August 15th, 2020 · No Comments · Lutherans

Lutheran High’s 1971 yearbook.

I have been kicking this around for years.

“How many kids from the 1971 senior class at Los Angeles Lutheran High School could I recall by name?”

Wouldn’t that be a fun mental challenge? Maybe?

There were 132 of us in the senior class, by my count, 66 boys and 66 girls, . A small-enough class that I had a shot at naming at least half of them — if I really have a knack for this sort of thing.

People have told me I have a pretty good memory. For long-ago stuff. (Not so much for the 21st century.)

So, finally, I went for it, as many kids as possible! It happened a long time ago! I can do this!

I found a clipboard and a pen and got down to some serious dredging of the depths of my brain, with the aid of my trusty assistant, who was armed with a nearly pristine copy of the brilliant (no, really) LHS 1971 yearbook, “Paw Prints”.

I created some rules.

–A surname is required. Given names? Not enough. Just a surname, when stated clearly, is OK.

–I would give it 24 hours, and then I would give up. From afternoon to afternoon, which created a silly situation where I would blurt out “David Bennett!” during dinner and an hour later “Dorothy Colburn!”

–No help from the yearbook holder. (“Turn that thing away from me!”) No clues. No hints. In one case, I had the first name and a physical descripion of one of the cheerleaders … but it did not count till “Takagaki!” landed in my head.

After those 24 hours, I came up with (drum roll) … 82 classmates (including myself), which works out to a 62.1 percent recollection rate. I think that is OK, five decades later.

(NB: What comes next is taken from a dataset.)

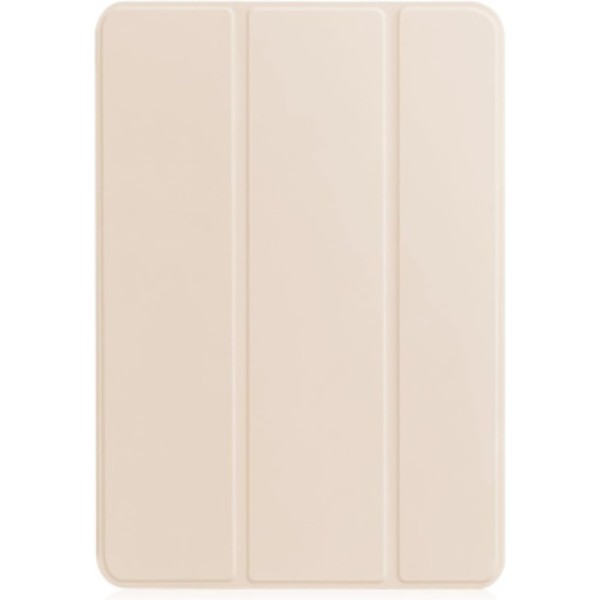 Фото - Чохол для планшета BeCover TPU Edge з кріпленням для стілусу for Xiaomi Mi Pad 6/6 Pro 11'' Rose Gold (709557)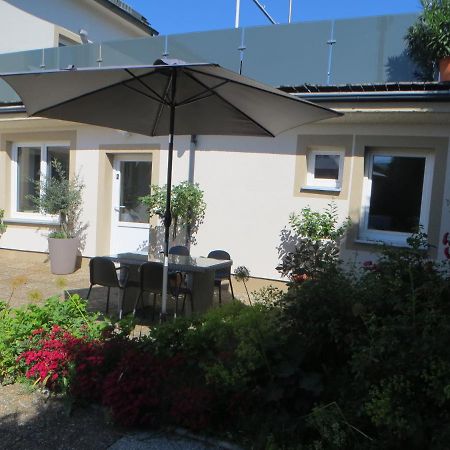 City Apartment Amadeus Salzburg Exterior photo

It was a strange experience, in some ways. I sat on the couch and stared off into space, creating mental images of these teenagers; if I could see a face I had a much better chance of remembering a name.

Recalling the people around someone I had a strong memory of … was a useful tool. Remembering what the school liked like, and who might spend time in that area … also helped.

It became difficult after 40 or so. I pushed along, mostly one at a time, often going minutes and then gleefully announcing a name. One I hadn’t been nosing around, as part of a group or a former classmate.

How does the brain do that, at 66 years of age? How can it summon these faces when I haven’t seen them in decades?

I know there are theories about earliest memories taking a grip on the mind, and eventually not allowing in anything new. But this was ridiculous.

Thus, let us name those who came tumbling out of my brain, often to my own great surprise.

Here we go, by groups of 10, with comments when pertinent.

Dennis Doescher (quarterback and student body president), Ken Meier (student body president the year before), Jim Heitkotter; Andy Jackson (my pal on the unbeaten 1970 JV ball team; died young), Dave Blount (too small for football, played anyway), Al Watson (great wide receiver), Terry Lane (the other great wide receiver, Rory McDonald (bkb gunner; if only the three-pointer had existed), Walter Stoner (toughest guy on football team); Mark Chaplin.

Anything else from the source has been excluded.